My mother has a Lincoln Town Car (a ford motor co. product) and it does the same thing.
I think it is just a product of the times build um fast build um cheap....best solution stay home and :beer: :beer:


----------



## Orest (Jul 28, 2003)

*Neil - I had 2001 Silverado and had the same problem*

Turns out the high pressure switch was the problem; any time I went over a bump it would turn the A/C off and another bump would turn it back on.

They replaced the switch 3 or 4 times and all the switches would behave the same way.

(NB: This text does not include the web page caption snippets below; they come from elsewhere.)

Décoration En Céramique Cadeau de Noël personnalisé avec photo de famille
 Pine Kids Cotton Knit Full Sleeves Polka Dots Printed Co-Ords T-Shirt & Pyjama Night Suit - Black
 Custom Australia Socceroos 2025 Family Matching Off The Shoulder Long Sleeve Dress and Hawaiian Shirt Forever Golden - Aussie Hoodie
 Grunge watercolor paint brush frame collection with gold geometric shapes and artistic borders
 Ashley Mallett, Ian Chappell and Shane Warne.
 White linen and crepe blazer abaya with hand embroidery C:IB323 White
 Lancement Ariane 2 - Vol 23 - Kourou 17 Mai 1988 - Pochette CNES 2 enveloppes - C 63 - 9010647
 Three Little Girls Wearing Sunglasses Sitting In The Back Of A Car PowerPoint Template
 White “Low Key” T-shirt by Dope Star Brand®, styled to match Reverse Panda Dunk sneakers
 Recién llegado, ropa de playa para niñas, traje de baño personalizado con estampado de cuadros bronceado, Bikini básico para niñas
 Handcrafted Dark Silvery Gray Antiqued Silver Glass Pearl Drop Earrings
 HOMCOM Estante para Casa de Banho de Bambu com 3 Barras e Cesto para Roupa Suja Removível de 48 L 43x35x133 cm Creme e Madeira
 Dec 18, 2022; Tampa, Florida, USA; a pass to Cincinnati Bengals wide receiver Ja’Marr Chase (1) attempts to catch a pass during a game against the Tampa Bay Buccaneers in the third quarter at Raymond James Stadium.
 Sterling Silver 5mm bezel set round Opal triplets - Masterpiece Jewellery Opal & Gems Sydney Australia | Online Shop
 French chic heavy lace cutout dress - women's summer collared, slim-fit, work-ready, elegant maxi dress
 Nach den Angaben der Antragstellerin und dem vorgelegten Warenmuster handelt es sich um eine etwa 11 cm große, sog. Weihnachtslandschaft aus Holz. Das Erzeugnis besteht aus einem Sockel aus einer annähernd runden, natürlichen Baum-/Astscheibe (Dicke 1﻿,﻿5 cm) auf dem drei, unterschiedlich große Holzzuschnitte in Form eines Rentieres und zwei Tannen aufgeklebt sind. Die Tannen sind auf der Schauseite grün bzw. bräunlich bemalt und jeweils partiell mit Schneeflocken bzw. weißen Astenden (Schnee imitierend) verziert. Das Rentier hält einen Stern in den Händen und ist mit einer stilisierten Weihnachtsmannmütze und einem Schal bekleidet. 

To test the bump theory. Open hood and turn A/C on and tap the high pressure switch, it is right on the side of the A/C Receiver Drier, 3 wires coming out of it. It should turn the A/C off and if you tape again it will turn on again.

Hope this helps.



GMC is suppose to know about the bad switches.

They fixed mine by wrapping the wire together to make them more rigged. Worked for years.l


----------



## fishnut (Jul 12, 2007)

*Orest...*

I may be wrong but I think that is the Low pressure switch. Neil, if you have a leak somewhere the LPS will more than likely trip first. My 98 Silverado did that once and I thought it was low on 134a, jumped out the switch and it ran fine then I found that the plug had come loose. My advise is to check your connections first. By the way I just had to replace the compressor in the old fish'n wagon, $440 but in this heat you can't live without it.


----------



## Cobia Seeker (Mar 19, 2002)

lipyanker said:


> Maybe the damper door failed


Can almost assure you this is the problem. I hope I'm wrong because the door acuaitor failed on my Explorer and it was over $1000.00 to have someone fix it. Needless to say I bit the bullet and did it myself. I know now why it's so much to get it fixed.


----------



## 1BadF350 (Jul 19, 2006)

NTKG said:


> gotta love my ps brothers. ima hit that site up now.... i just turned my car on and it worked!??!?!?! so i hope it aint nothing stoopid going on.... thanks for the info so far guys


The only thing I can tell you is to take it to the dealership to get scanned and see if it threw a code.
You can also post your question over at www.z71tahoe-suburban.com
That's a site I frequent for my 03 Tahoe.


----------



## Orest (Jul 28, 2003)

*So what was the problem*

now your P&S brothers want to know.


----------



## fyremanjef (Feb 17, 2005)

*Yeah*

Hey Neil,

Did you get the AC fixed? HAHA, Fix the *AC*. I did not know they were broken. I crack myself up opcorn::beer:

Seriously,
I have an 04 yukon and wonder if its something that I should worry about.


----------